### Data extract
+ + + +

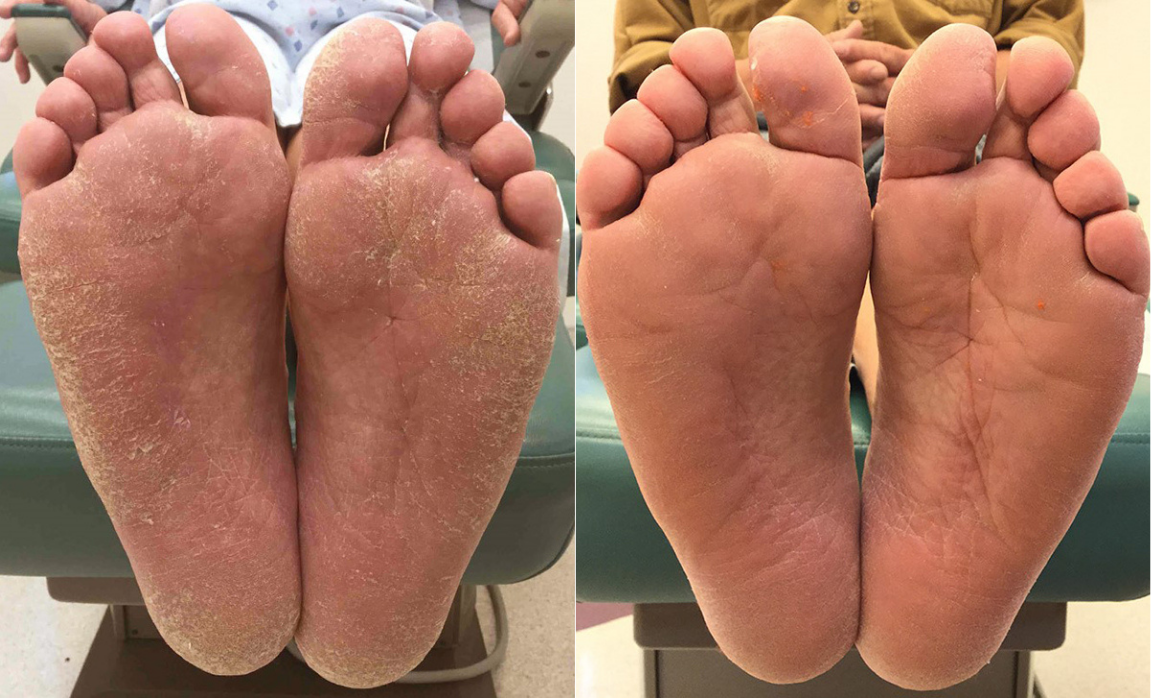 Before and after of a Male patient treated for Foot Fungus, results; Three Months Post Treatment.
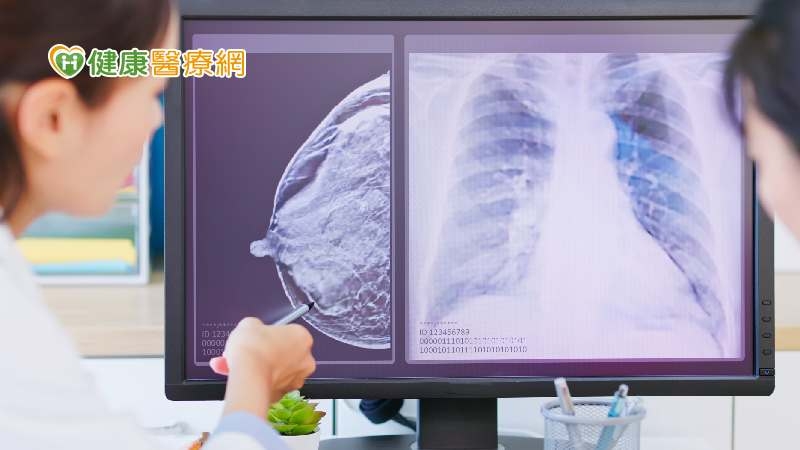（國泰）確診乳癌後該怎麼辦？　透過實際案例了解乳癌診斷、治療、追蹤過程！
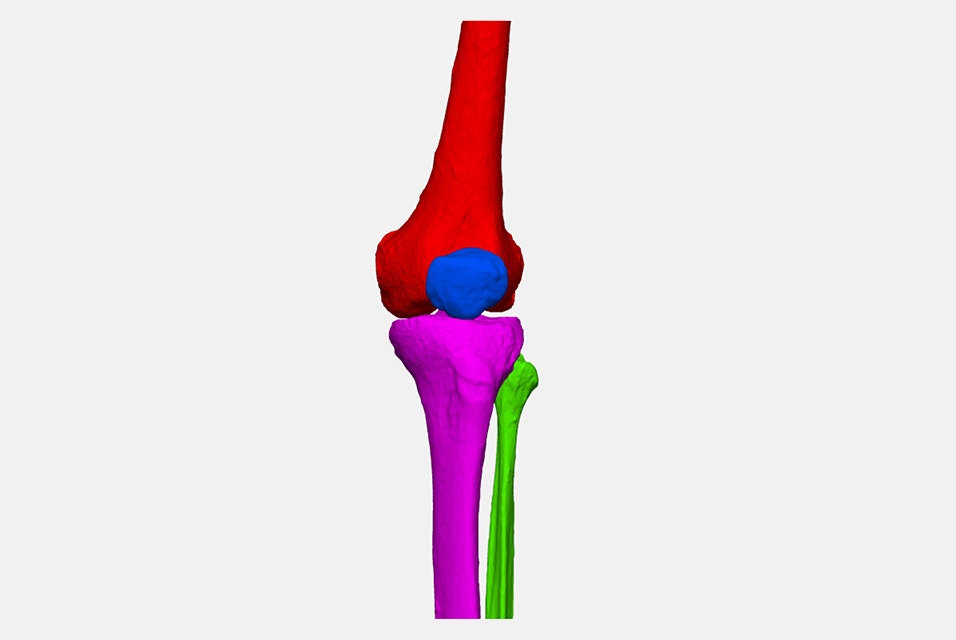 Modelo tridimensional de la anatomía de una rodilla segmentada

+ + + +

### Action item
A faithful copy of the data above is wanted, with every image left out.

### Result for this task
 Before and after of a Male patient treated for Foot Fungus, results; Three Months Post Treatment.
（國泰）確診乳癌後該怎麼辦？　透過實際案例了解乳癌診斷、治療、追蹤過程！
 Modelo tridimensional de la anatomía de una rodilla segmentada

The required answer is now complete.